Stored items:
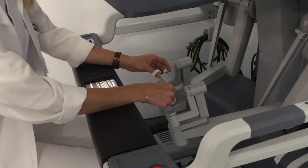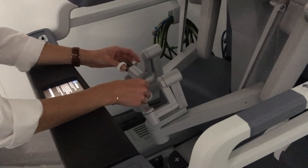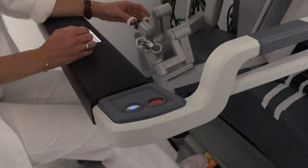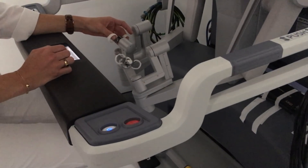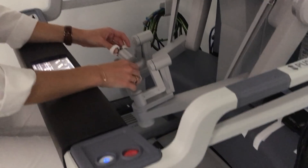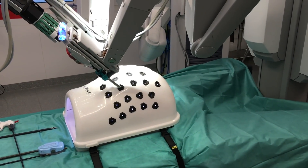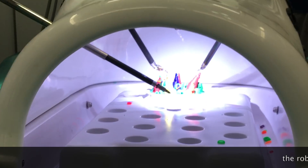Here you can see how to use this thing: you hold the grip with your thumb and middle finger, the index finger is free for a third button, and then you just move it around as you would move instruments with your own hands.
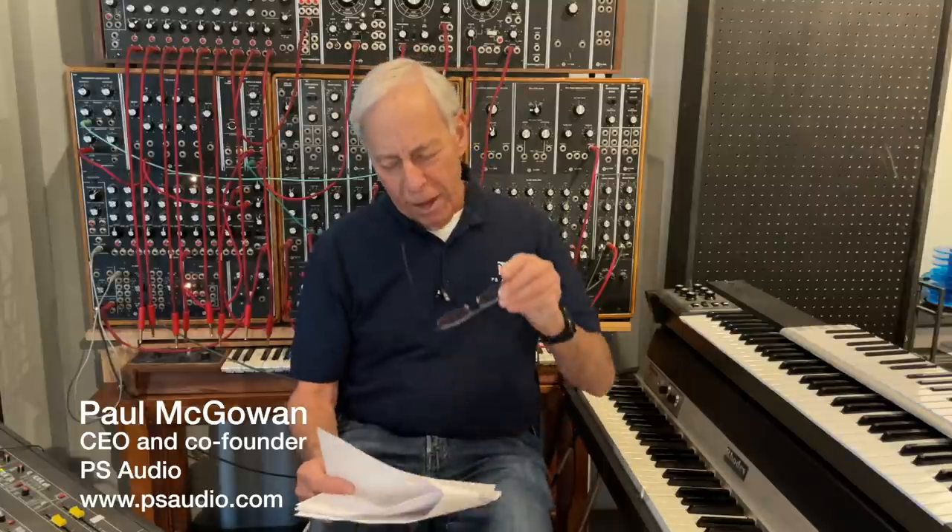Should you mix XLR and RCA cables together? This question comes from Michael in Stevens Point, Wisconsin.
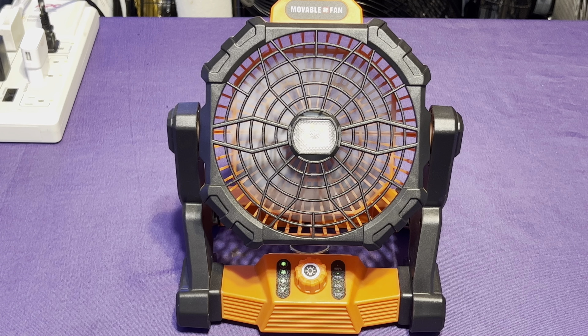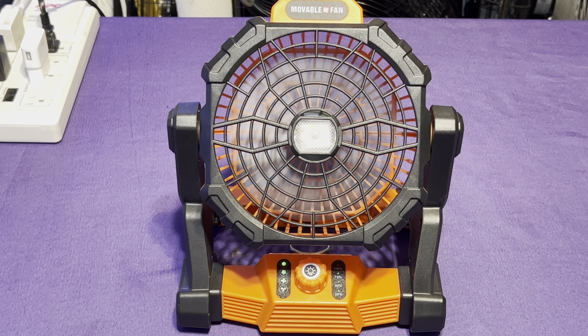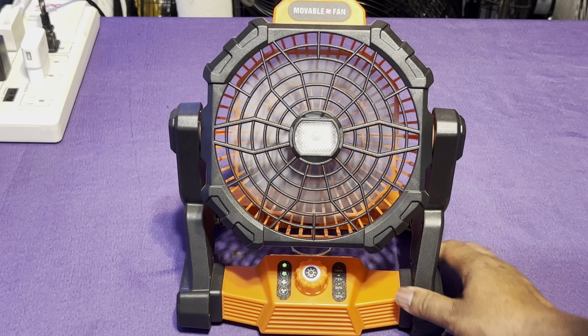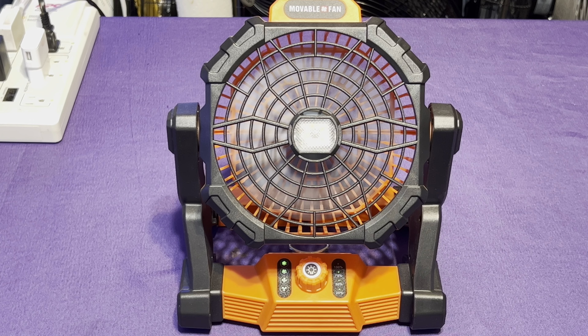It has a 10,400 milliamp battery. It kind of does sound like the battery might be a little bit weak, but that can't be true because the battery is fully powered. Actually, it's down to about 75%, so I'm not sure why the motor is fluctuating. I'm not surprised — these things are cheap as crap.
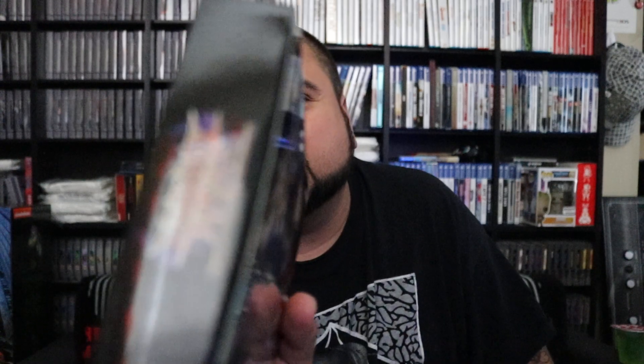It's not sealed — there's no tape, no saran wrap — so I'm gonna go ahead and open it anyways to see what's inside and how it compares to another Super Nintendo game. It doesn't come with cardboard, but it comes with plastic, and nothing else in there, but it comes with a nice manual.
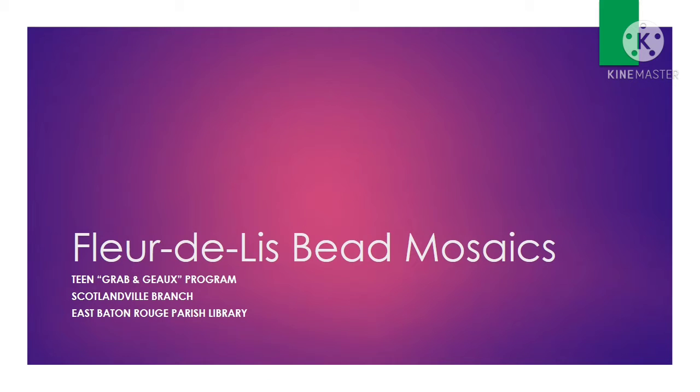Hello, awesome people. My name is Mary. I am the teen librarian over at the Scotlandville Branch Library, and this week we are going to be making fleur-de-lis bead mosaics.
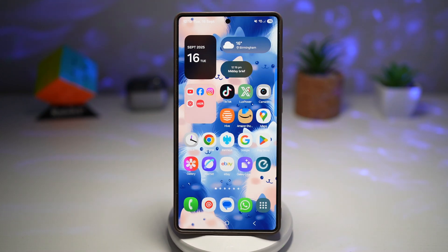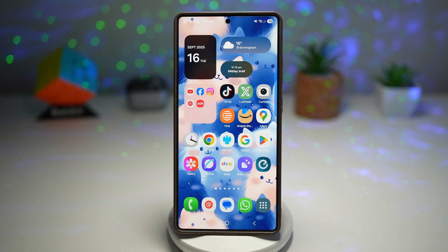Hi everyone, welcome back to the Simple Dad. Thanks for tuning in. In today's video, I'll be showing you the brand new Quick Share on my Samsung Galaxy S25 Ultra running One UI 7.0. This update brings a fresh design and some really useful new features, and I'll walk you through how it works.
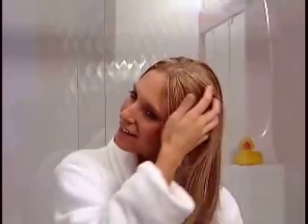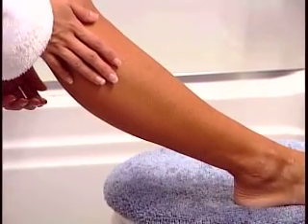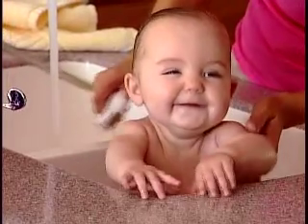With a Culligan Water Softener, you'll love the way your hair and skin feel. Soft water reduces soapy residues, leaving cleaner skin and shinier hair. You'll feel and live healthier with Culligan Soft Water.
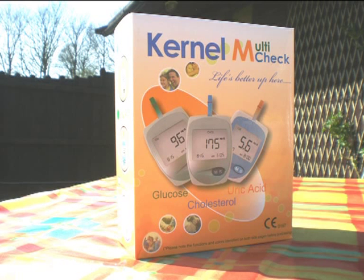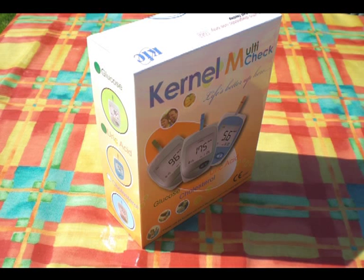This video guide gives you an easy step-by-step instructional guide on how to use your Kernel multi-check meter.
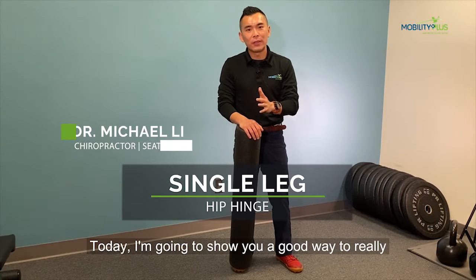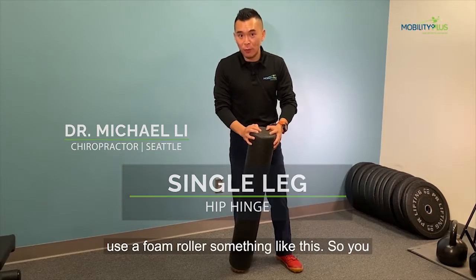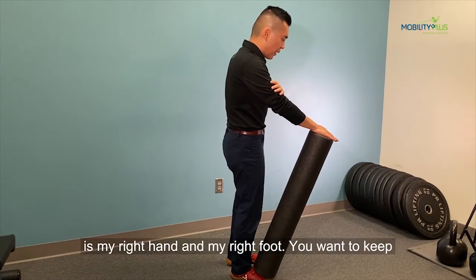Today I'm going to show you a good way to really master that single leg hip hinge. I like to use a foam roller, something like this. You want to basically, on the same side — so this time it's my right hand and my right foot.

The task »
Your answer must consist solely of the lines from the one containing "With a Culligan" through the last line of the records above, copied exactly, with every picture left out.

Finished task »
With a Culligan Water Softener, you'll love the way your hair and skin feel. Soft water reduces soapy residues, leaving cleaner skin and shinier hair. You'll feel and live healthier with Culligan Soft Water.
This video guide gives you an easy step-by-step instructional guide on how to use your Kernel multi-check meter.
Today I'm going to show you a good way to really master that single leg hip hinge. I like to use a foam roller, something like this. You want to basically, on the same side — so this time it's my right hand and my right foot.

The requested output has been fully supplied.